Protecting your brain as you age means making sure your gut is healthy, and plant-based foods rich in a substance called polyphenols as well as beneficial metabolites can be a boon for both, according to a new study published in the journal Molecular Nutrition&Food Research.

Researchers looked at nearly 850 people over age 65 living in two different regions in France.
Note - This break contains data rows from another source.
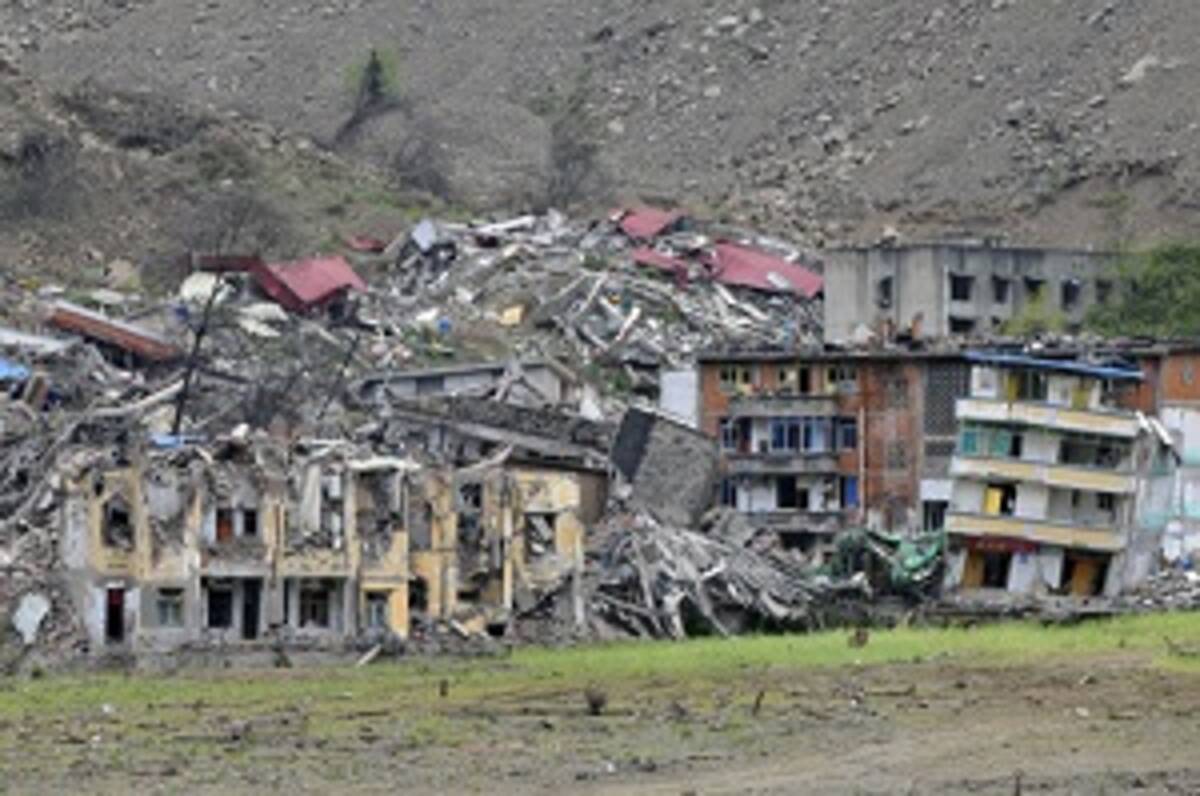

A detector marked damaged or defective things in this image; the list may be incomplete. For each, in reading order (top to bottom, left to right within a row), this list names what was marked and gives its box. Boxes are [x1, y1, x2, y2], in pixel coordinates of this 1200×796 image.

broken window opening [950, 272, 969, 300]
damaged multi-story building [945, 352, 1171, 595]
broken window opening [102, 494, 133, 552]
damaged multi-story building [60, 437, 595, 653]
broken window opening [156, 588, 183, 633] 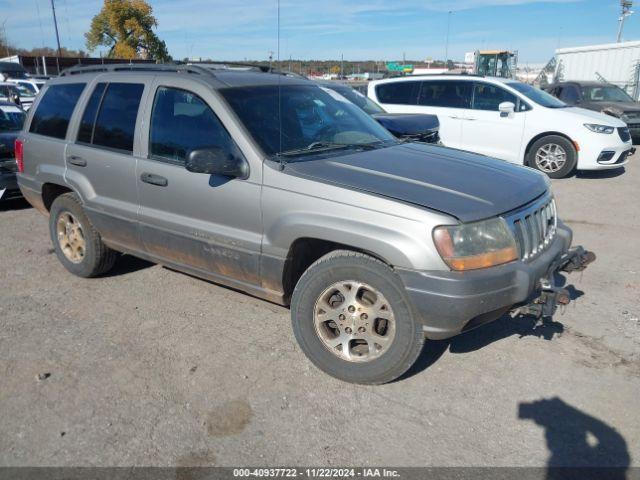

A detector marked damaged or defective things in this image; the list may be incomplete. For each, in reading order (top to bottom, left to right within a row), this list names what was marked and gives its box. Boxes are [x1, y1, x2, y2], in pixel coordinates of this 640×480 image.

cracked headlight [432, 218, 516, 270] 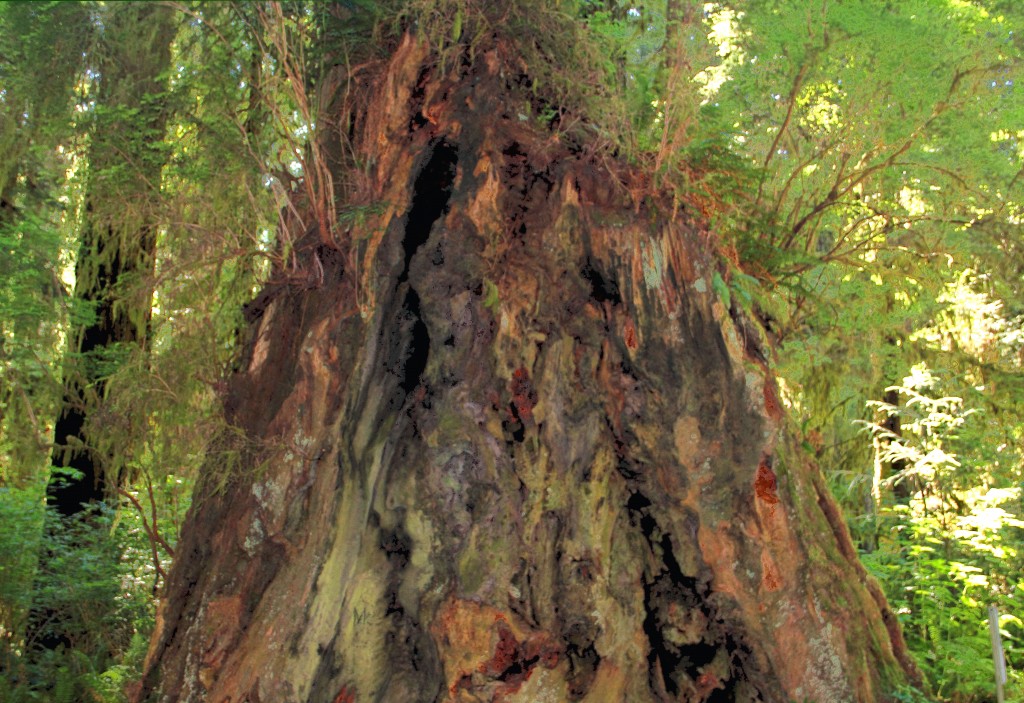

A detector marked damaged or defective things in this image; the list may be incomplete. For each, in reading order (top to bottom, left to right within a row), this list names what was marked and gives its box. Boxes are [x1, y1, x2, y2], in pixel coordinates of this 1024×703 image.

burnt-looking wood [138, 35, 921, 703] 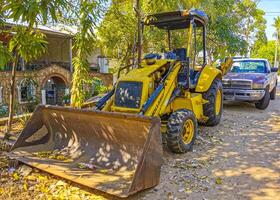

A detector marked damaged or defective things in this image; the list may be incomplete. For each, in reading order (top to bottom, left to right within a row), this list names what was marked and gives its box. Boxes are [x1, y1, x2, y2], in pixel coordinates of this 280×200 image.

rusty bucket attachment [8, 105, 162, 198] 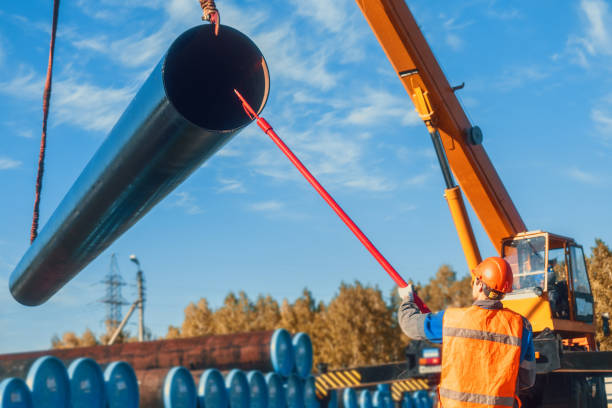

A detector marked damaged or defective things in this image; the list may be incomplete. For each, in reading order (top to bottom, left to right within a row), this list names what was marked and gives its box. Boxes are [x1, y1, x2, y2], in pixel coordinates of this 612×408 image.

rusty metal pipe [8, 24, 268, 306] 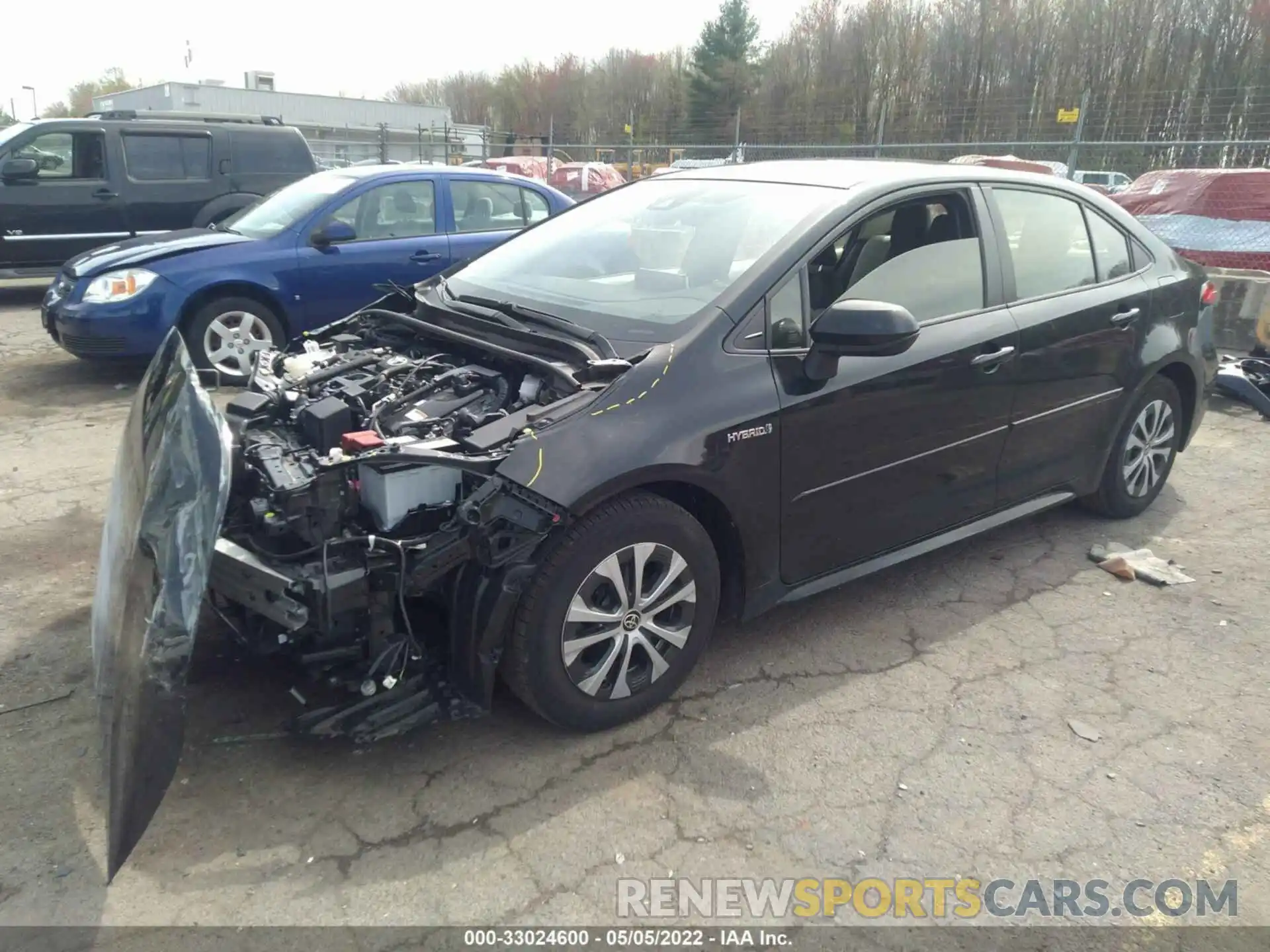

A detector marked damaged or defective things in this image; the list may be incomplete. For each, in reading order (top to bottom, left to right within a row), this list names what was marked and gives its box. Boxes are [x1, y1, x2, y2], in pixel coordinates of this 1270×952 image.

detached hood [65, 229, 254, 278]
crumpled front bumper [91, 331, 232, 883]
cracked asphalt [0, 287, 1265, 926]
damaged black toyota corolla [94, 158, 1217, 878] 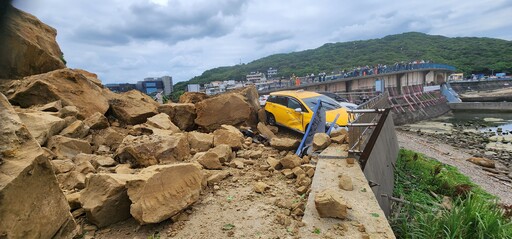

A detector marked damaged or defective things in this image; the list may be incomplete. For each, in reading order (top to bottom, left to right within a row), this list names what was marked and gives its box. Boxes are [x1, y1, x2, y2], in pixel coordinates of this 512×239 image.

crushed yellow car [264, 90, 352, 134] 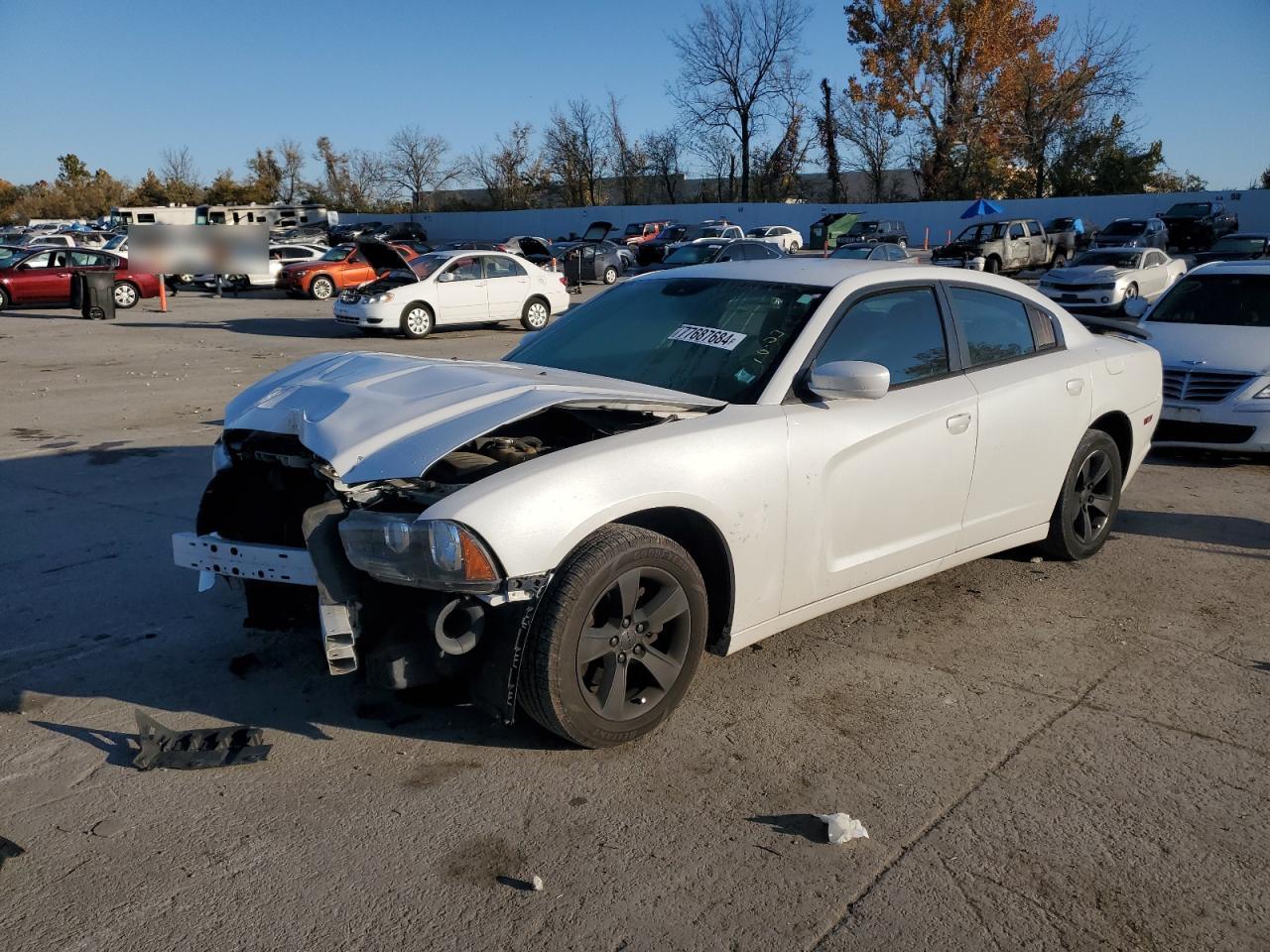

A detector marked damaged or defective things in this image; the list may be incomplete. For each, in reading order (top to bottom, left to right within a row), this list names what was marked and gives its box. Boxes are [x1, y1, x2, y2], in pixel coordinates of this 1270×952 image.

crumpled hood [1143, 323, 1270, 375]
crumpled hood [223, 353, 718, 484]
broken headlight assembly [339, 508, 504, 591]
In addition to tracking their diet over a 12-year period, participants regularly underwent five different types of neuropsychological tests to detect signs of cognitive decline. (RELATED: The 100 Unhealthiest Foods On the Planet)

Participants who ate more polyphenol-packed foods and those with certain metabolites showed significantly lower risk of cognitive impairment and dementia as they aged.

These include apples, blueberries, cocoa, coffee, green tea, mushrooms, oranges, pomegranates, and red wine.

“The takeaway from the study is that a higher intake of fruits, vegetables, and other plant-based foods provides polyphenols and other bioactive compounds that could help reduce risk of cognitive decline related to aging,” says study lead Cristina Andrés-Lacueva, Ph.D., from the Nutrition and Food Science Department at the University of Barcelona in Spain.

Not only do these foods seem to be protective on their own, but they may also work in concert together to boost brain health, she adds. That’s particularly true if they push out less-healthy dietary choices like artificial sweeteners, which proved to have a negative impact on cognitive impairment in the study.

According to Andrés-Lacueva, one of the most important aspects of this type of diet is the way it improves the beneficial bacteria in your gut. That connection between brain function and gut health is so robust that the gut is sometimes called “the second brain.” Chemical signals are constantly sent between the brain and digestive system, and these signals affect other aspects of the body as well, such as immune response and hormone regulation.

Not only can this gut-brain axis play a major role in cognitive protection, it can also be key for emotional health, says Lisa Mosconi, Ph.D., author of Brain Food: The Surprising Science of Eating for Cognitive Power.

“We often see that if one is thrown off, the other is affected, sometimes quite dramatically,” she says. “Of all the organs in our body, the brain is the one most easily damaged by a poor diet.”

The plant-based foods highlighted in the recent study can keep this connection strong, and Mosconi says adding fiber and probiotics can also support your brain function and gut health—especially as you age.